Only once HBO Go and Netflix streamed pristine, long-form content within seconds of demand in 2010 did it begin to become clear that much of what we thought we knew of television wasn’t about television at all but about broadcast distributed television. Broadcast signals are technologically scarce and limited and require a single message be sent from one to many. That scarcity required a “schedule” of programming, it led to the early emphasis on liveness, and an experience of television in which one bit flows into the next. And though cable may have differed somewhat as a distribution technology, it adopted practices created in response to broadcast’s technological specifications. These conventions became so entrenched in our experience that we believed they were norms of the medium of television. But they are not characteristic of television, just television according to broadcast technology. It is no wonder so many were certain of the coming death of television—broadband distribution seemed to unmoor television from traits believed intrinsic to it.

Digitization and “new media” are no longer coming; they’ve arrived. The result has not been the death of television, but its profound evolution, maybe even revolution. The persistence of the terminology of OTT suggests separate worlds of television that are clearly intertwined. Just as cable emerged as a related but distinct business from broadcasting, so too has broadband distributed television joined the competitive fray.

The focus on the abstract notion of OTT has slowed leadership on the real and important transition—one worthy of the summits, blog posts, and articles OTT continues to receive. Broadband distribution enables forms and experiences of television impossible for previous mechanisms of delivery. Most crucially, broadband distribution enables personalized delivery of content. It turns the old model of a single entity sending out one show to everyone on its head and allows viewers to select what and when to watch beyond the confines of a linear schedule. It requires rethinking nearly all aspects of making and experiencing television.

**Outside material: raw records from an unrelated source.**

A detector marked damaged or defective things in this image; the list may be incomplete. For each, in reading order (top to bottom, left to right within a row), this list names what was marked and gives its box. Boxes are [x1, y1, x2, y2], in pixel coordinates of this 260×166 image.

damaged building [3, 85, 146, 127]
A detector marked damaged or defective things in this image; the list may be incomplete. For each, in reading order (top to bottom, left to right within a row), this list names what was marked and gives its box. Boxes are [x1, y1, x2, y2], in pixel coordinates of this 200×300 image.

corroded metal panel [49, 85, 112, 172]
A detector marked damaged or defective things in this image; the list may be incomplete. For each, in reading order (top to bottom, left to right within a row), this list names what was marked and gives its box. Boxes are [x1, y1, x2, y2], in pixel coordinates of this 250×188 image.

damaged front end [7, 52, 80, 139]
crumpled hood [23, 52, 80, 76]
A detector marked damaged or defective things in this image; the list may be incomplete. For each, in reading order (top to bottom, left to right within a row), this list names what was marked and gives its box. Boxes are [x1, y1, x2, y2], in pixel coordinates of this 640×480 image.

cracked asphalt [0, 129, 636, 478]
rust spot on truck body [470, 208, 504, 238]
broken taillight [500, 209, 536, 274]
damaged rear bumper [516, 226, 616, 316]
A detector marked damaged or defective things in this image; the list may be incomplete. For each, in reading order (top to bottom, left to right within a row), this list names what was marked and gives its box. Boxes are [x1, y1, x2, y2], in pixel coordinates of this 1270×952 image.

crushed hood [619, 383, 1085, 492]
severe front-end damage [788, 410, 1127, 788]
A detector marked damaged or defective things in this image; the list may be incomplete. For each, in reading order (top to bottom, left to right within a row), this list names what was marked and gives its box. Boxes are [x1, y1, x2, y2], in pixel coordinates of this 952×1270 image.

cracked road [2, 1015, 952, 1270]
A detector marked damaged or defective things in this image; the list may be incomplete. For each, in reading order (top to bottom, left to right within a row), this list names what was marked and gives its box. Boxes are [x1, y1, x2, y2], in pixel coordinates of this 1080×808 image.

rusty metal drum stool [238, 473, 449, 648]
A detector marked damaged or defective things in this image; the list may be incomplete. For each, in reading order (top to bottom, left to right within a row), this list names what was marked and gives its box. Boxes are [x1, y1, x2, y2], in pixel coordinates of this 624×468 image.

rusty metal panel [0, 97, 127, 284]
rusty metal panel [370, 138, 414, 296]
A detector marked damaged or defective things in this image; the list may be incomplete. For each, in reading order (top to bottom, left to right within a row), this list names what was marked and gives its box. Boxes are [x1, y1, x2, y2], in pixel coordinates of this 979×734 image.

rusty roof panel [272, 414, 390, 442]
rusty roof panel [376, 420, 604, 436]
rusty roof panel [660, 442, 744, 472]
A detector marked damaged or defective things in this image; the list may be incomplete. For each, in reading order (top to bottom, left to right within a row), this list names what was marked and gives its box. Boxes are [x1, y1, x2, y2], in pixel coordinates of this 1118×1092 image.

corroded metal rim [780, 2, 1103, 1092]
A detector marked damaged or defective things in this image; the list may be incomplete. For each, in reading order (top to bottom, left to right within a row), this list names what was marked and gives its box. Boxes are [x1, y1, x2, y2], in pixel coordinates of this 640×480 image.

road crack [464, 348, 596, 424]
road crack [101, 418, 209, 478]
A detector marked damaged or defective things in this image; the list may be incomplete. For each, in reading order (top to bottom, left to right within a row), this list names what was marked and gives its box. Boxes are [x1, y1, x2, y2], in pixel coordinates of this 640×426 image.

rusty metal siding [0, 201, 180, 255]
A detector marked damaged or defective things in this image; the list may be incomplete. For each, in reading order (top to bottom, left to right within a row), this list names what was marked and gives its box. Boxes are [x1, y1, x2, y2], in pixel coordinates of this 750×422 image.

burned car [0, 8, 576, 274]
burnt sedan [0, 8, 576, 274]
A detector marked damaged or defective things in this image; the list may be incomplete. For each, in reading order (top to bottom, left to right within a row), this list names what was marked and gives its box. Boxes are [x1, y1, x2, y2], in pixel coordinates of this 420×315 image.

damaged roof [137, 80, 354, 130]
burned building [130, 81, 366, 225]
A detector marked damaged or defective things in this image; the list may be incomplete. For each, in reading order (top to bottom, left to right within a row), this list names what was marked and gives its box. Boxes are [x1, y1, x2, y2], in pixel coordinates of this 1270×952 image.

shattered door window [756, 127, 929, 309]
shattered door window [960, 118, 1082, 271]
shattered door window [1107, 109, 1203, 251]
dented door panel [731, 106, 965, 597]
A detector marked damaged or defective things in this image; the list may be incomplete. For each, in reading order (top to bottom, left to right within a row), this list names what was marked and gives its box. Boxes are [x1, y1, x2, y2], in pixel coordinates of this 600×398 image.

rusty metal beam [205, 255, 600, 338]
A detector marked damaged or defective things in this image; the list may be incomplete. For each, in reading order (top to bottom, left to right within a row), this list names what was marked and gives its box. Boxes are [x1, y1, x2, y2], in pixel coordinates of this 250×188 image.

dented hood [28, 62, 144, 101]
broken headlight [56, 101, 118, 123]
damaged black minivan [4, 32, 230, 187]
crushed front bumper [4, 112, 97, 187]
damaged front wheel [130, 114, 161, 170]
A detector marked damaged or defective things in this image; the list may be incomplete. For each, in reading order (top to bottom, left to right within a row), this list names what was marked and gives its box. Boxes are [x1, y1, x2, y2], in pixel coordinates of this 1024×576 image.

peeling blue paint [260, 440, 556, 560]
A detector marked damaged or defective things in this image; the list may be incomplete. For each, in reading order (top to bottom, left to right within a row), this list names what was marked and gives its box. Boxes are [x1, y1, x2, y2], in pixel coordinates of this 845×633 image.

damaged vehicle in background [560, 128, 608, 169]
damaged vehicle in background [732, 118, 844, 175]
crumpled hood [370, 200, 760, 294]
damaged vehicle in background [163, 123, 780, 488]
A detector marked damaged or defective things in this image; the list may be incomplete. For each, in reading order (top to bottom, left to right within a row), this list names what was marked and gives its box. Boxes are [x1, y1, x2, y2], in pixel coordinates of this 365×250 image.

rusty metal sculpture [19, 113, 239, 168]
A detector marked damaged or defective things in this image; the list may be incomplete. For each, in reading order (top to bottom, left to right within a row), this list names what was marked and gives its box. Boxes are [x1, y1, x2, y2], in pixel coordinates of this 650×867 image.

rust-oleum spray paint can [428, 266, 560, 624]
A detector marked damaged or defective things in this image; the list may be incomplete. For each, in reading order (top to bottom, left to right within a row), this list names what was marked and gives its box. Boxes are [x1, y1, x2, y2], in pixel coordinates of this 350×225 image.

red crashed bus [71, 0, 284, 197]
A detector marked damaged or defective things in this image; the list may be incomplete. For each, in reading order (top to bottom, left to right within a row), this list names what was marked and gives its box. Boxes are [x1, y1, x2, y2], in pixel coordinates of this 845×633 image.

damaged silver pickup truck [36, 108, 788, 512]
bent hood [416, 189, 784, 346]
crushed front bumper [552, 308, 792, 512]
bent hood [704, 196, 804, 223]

Related: Online Subscribers Eager to Pay More for ‘Extras'

Broadband’s different technological capabilities allow it to cast off characteristics designed to cope with the scarcity of broadcasting and redefine the experience of television as personalized and on demand while also enabling other foundational changes to the business. Many of the most successful broadband video distribution services have opted for a business model different from the advertiser-funded system that dominated broadcast and much of cable television. Subscriber-funded television is a wholly different business from advertiser-supported television.

Not talking about the evolution of television as a change in delivery mechanism has obscured real understanding of industry change, and thinking about all broadband-delivered content—regardless of business model—as simply “OTT” misses meaningful differences. YouTube and Netflix may both deliver video over broadband, but the nature of their content and varied business models may warrant understanding them as competing in different industries. Likewise, Netflix and HBO may be distributed over different technologies but are more like each other than different.

Most all of the “normal” practices of broadcasters and cable channels resulted from the capabilities and limitations of their distribution technology that required pushing a linear schedule of shows organized by channels to viewers. But today’s leaders aren’t looking back at that playbook. They’re asking how else can television be organized? Be made? What business models better fit the experience of television viewers want and broadband distribution enables? These are big questions requiring bold thought leadership, not another report of how many Millenials are watching YouTube or a debate about the merits of HBO versus Netflix.

There is no such thing as OTT, and television isn’t dying. Just as radio was forced to transform itself from its reliance on a network schedule upon the arrival of television in the 1950s, so too must television industries tied to different distribution technologies wrestle with their limitations and capabilities in the face of a transforming competitive landscape. The creation of studio portals such as CBS All Access and HBO Now that connect studios with audiences without layers of middlemen illustrate the opportunities available for legacy content creators. Allowing viewers to decide how to watch and providing choice in how to pay reinvigorates the legacy television industry as the business of television expands beyond broadcast and cable distribution technologies to include broadband as well.

Amanda Lotz is author of The Television Will Be Revolutionized and a professor at the University of Michigan.